Richard Florida: Well I actually think the crisis is the inflection point, or the transformation point. If you look back at the two previous crises, and I’m actually writing a book on this, it’s called “The Great Reset,” hopefully you’ll invite me back to talk about it when it comes out in April or May. But if you look back on previous crises, they’ve always been associated with the rise of new economic systems. So, the crisis of 1873 was associated with the rise of the first industrial revolution, and it gave rise to the second. The crisis of the 1930’s was the rise of the second industrial revolution and these big steel companies and auto companies, and then we figured out how to make the society work. This is really a crisis, not just of the financial markets and wanton spending and too much credit, it’s a tectonic crisis that’s associated with the rise of a new economic order.

And what we’re doing is, because we didn’t know how to invest in it, we were speculating like wild, and money was flowing into real estate. So, the creative economic revolution has really been going on, in my view, since the ‘60’s. And it’s funny because I went back and looked at this, and folks might not know this, but what I really wanted to be in life was a guitar player. So, all my childhood I spent playing the guitar and trying to sound like Jimi Hendrix or Jeff Beck, with some degree of non-success. But in the ‘60’s, we saw all of this creative revolution, and even before that, Jazz in ‘50’s, but the beat revolution, and then the ‘60’s thing happening in New York. And I just read the fabulous book on Worhal and the Velvet Underground. So, you can see this stuff building up as people are tired of, and kind of blanching at the strictures of the old organization man’s society. And it’s kind of our world fascinated by Mad Man, I think. You see this transformation, this kind of pivot point running through as Mad Men develops and this creative thing emerging. But people don’t know what to do.

And so, the one way I kind of view the 1960’s is this giant temper tantrum. Right? Creative people just saying, “I’m not going to take it anymore, mom and dad. I want to grow my hair long, I want to grow a beard, I want to go to California, I want to listen to a new kind of music.” This explosion in art. But was it really hinged to the economy?
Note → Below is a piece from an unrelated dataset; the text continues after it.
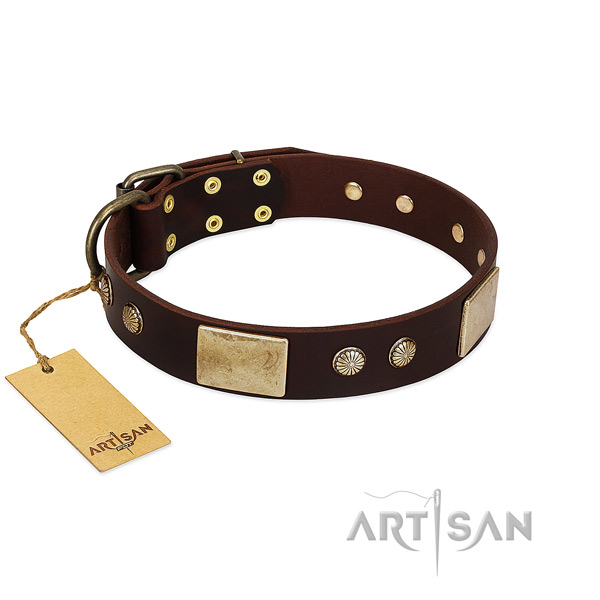 Adjustable leather dog collar for walking your dog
In the book, I said that Woodstock wasn’t the signal even of the creative revolution, Silicon Valley is. And so, what I think happened, almost at the same time, is these people who were tired of working in the big companies; innovators, people working at IBM and General Electric, Bell Labs, said, “No. We have all this cool stuff we want to make, all this interesting stuff we want to make. The company is very bureaucratic; it’s not paying any attention to us.” Somehow they found their way out to the San Francisco Bay area and began to build these enterprises that they owned and controlled. Right? They began to devise new structures and new forms. And actually, my entire early research career, well before I came to any ideas of the creative class, was trying to figure out what Silicon Valley was. I wrote a book in 1990 about this called “The Breakthrough Revolution.”

In any event, I think those structures began to take hold and this new group of people who had the ideas began to be seen as more economically valuable. And what’s happened over the past 20 or 30 years as manufacturing has been off shored, and outsourced and moved to the bricks, particularly China. I think in the advanced countries like the United States, or Canada, or Scandinavia, or Northern Europe, this creative input, this idea input, this mental labor, has become more important.
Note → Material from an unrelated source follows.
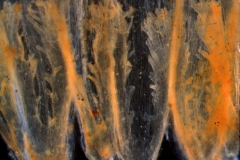 infrastaminal scales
So, I see this shift as big and as fundamental as the shift that Marx wrote about, when we move from the feudal, or the agricultural society to a modern industrial economy and society. I see this shift kind of the same way. We’re moving from an older industrial society where value is created by physical labor and raw materials to a new kind of society and economy where value – more, I mean, raw materials and physical labor and agriculture is still important. We need to eat and drive things, and we need homes. But this mental value added, or this creative labor is becoming more important. So, that’s why I think this is a big revolution on the order of the transformation, or the transformation of the agrarian society to an industrial economy and society.